You can preallocate memory using the Buffer class if you're in a node environment.

 

I measured it, the conversion to string afterwards makes it quite slow. Slower than the alternatives.

 

Did you try latin1 or ascii conversion (both ways)?

Not sure. I didn't enforce any encoding. The content of the string was "a a a a...".

The default is 'utf8', which is variable-length characters. So naturally it's much slower.
'latin1' is 1-1 char for byte (Obviously high Unicode will get corrupted, but if you start with a Buffer, you will always be able to get it back.
'ascii' decodes the same as 'latin1', but the encoder drops the first bit.

> Buffer.from(Buffer.from([0xff]).toString('latin1'),'latin1')
<Buffer ff>
> Buffer.from(Buffer.from([0xff]).toString('latin1'),'ascii')
<Buffer ff>
> Buffer.from(Buffer.from([0xff]).toString('ascii'),'latin1')
<Buffer 7f>

UTF8, lol:

Buffer.from(Buffer.from([0xff]).toString())
<Buffer ef bf bd>

Notably, V8 doesn't use UTF8 to represent strings/string chunks in memory. It uses something like UTF16 (2 or 4 bytes per character, never 1 or 3) and sometimes opportunistically optimizes to using something like 'latin1' when high characters aren't used.
So, for weird strings 'utf16le' is fastest, and for basic strings, 'latin1'/'ascii'. The default of 'utf8' is the slowest in all cases (but the most compatible and compact without compression)

const { log, time, timeEnd, error } = console
const announce = msg => {
  const bar = "=".repeat(msg.length)
  log(bar); log(msg); log(bar)
}

const [a, z, _] = Buffer.from("az ", "latin1")
const len = 1 + z - a
const strings = new Array(len)
for (let i = 0; i < len; i++)
  strings[i] = Buffer.alloc(0x1000000, Buffer.from([a + i, _]))
    .toString("latin1")

const badStuff = ["💩 💩 💩", "ਸਮਾਜਵਾਦ", "สังคมนิยม"]
  .map(x => x.repeat(0x200000))

const tainted = strings.map(x => "💩" + x)

const benchmarkEncoding = strings => enc => {
  let failed
  time(enc)
  for (const x of strings) {
    const out = Buffer.from(x, enc).toString(enc)
    if (out !== x && !failed) failed = { enc, x, out }
  }
  timeEnd(enc)
  if (failed)
    error(failed.enc, "failed:", failed.x.slice(0, 6), failed.out.slice(0, 6))
}
const encodings = ["utf16le", "utf8", "latin1", "ascii"]

announce("Normal")
encodings.forEach(benchmarkEncoding(strings))
announce("And now, the bad stuff!")
encodings.forEach(benchmarkEncoding(badStuff))
announce("What about tainted ASCII?")
encodings.forEach(benchmarkEncoding(tainted))

Edit: So, I was wrong. 'utf16le' is slower than 'utf8' on pure ASCII (But 3+ times faster otherwise)
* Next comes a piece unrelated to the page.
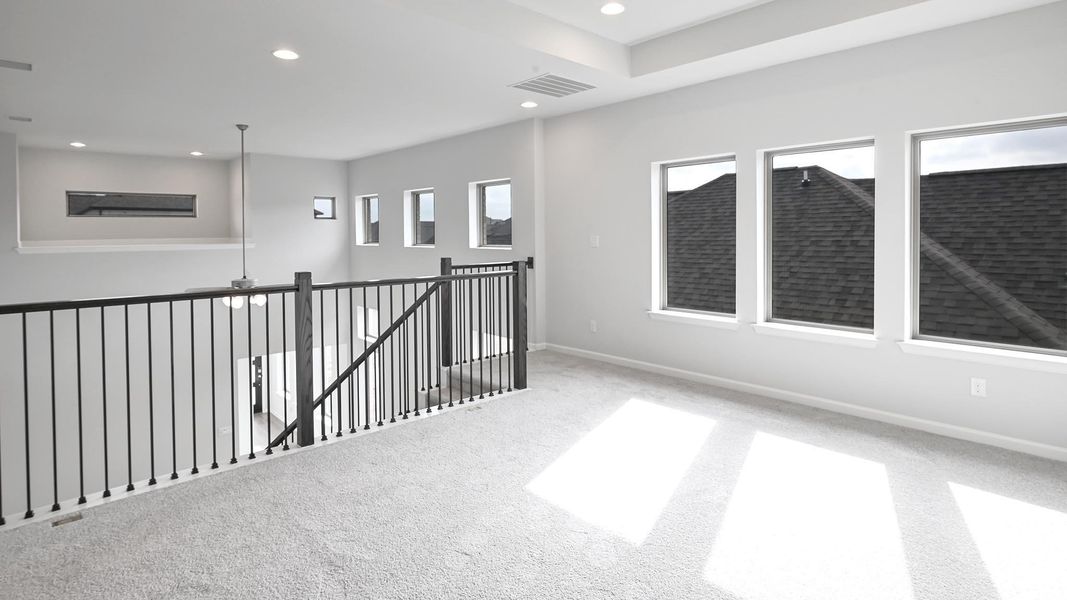 Carpeted empty room with recessed lighting and ceiling fan Carpeted empty room with recessed lighting and ceiling fan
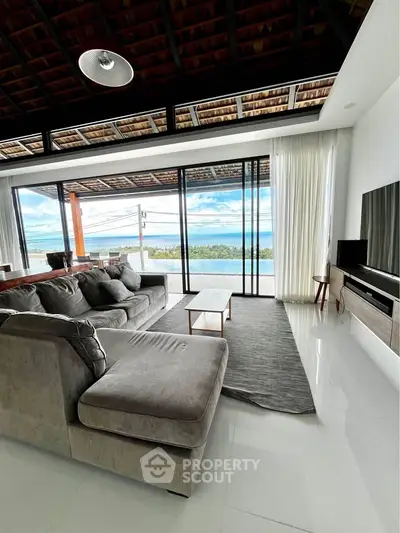 Luxurious living room with stunning ocean view and modern decor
Some thorough research. Well done! One small problem with this, is all of this doesn't really help with the original problem =) We wanted to count letters or reverse them or whatever. It's not correct to assume any trivial encoding, like latin1 or ascii. Nor it helps to put everything in the byte buffer, even correctly encoded sequence of bytes. But I'm sure there are use cases where it's ok to assume 7 or 8 bit encoding, like massive amounts of base64, for example.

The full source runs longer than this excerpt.